— ACTIVITY —
Restate the data word for word. Leave the pictures out.

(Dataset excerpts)
^^^^

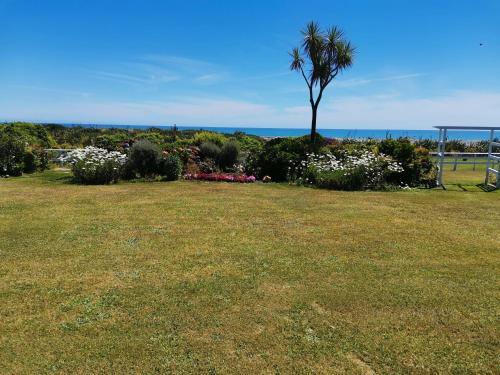 a field of grass with a palm tree and flowers at Awatuna Sunset Lodge in Hokitika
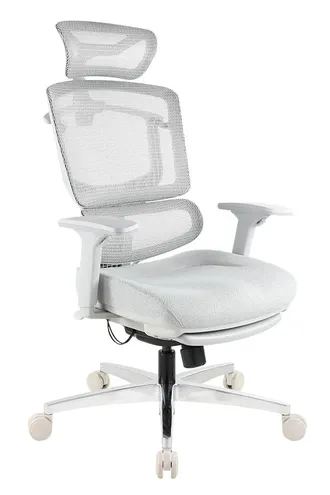 布朗人體工學椅灰框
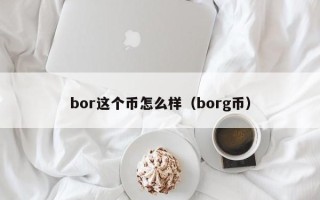 bor这个币怎么样（borg币）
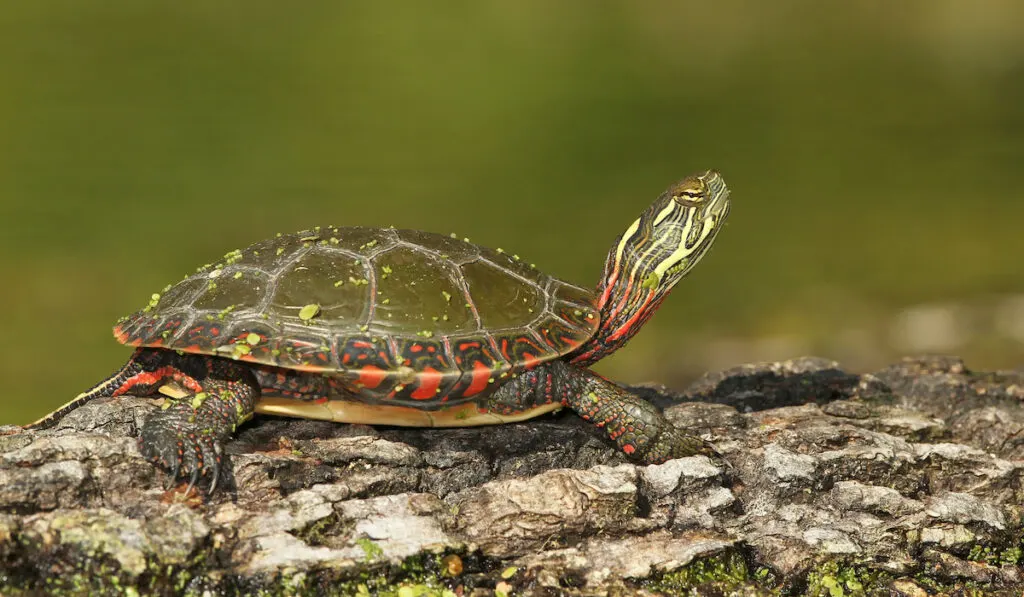 Midland painted turtle ( Chrysemys Picta marginata ) on a log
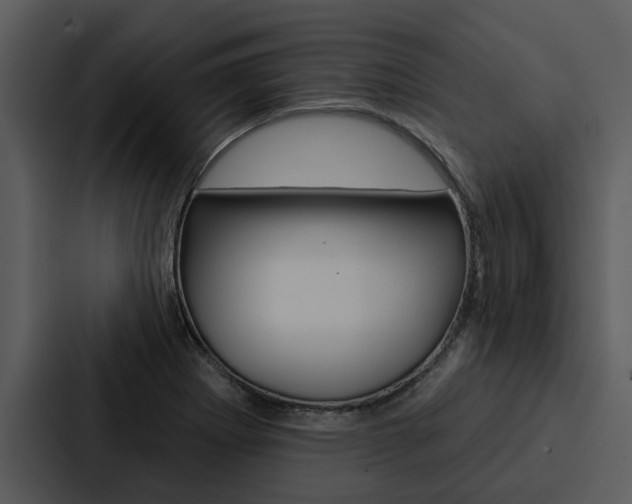 X0000088141273200705141024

^^^^

— SOLUTION BELOW —
 a field of grass with a palm tree and flowers at Awatuna Sunset Lodge in Hokitika
 布朗人體工學椅灰框
 bor这个币怎么样（borg币）
 Midland painted turtle ( Chrysemys Picta marginata ) on a log
 X0000088141273200705141024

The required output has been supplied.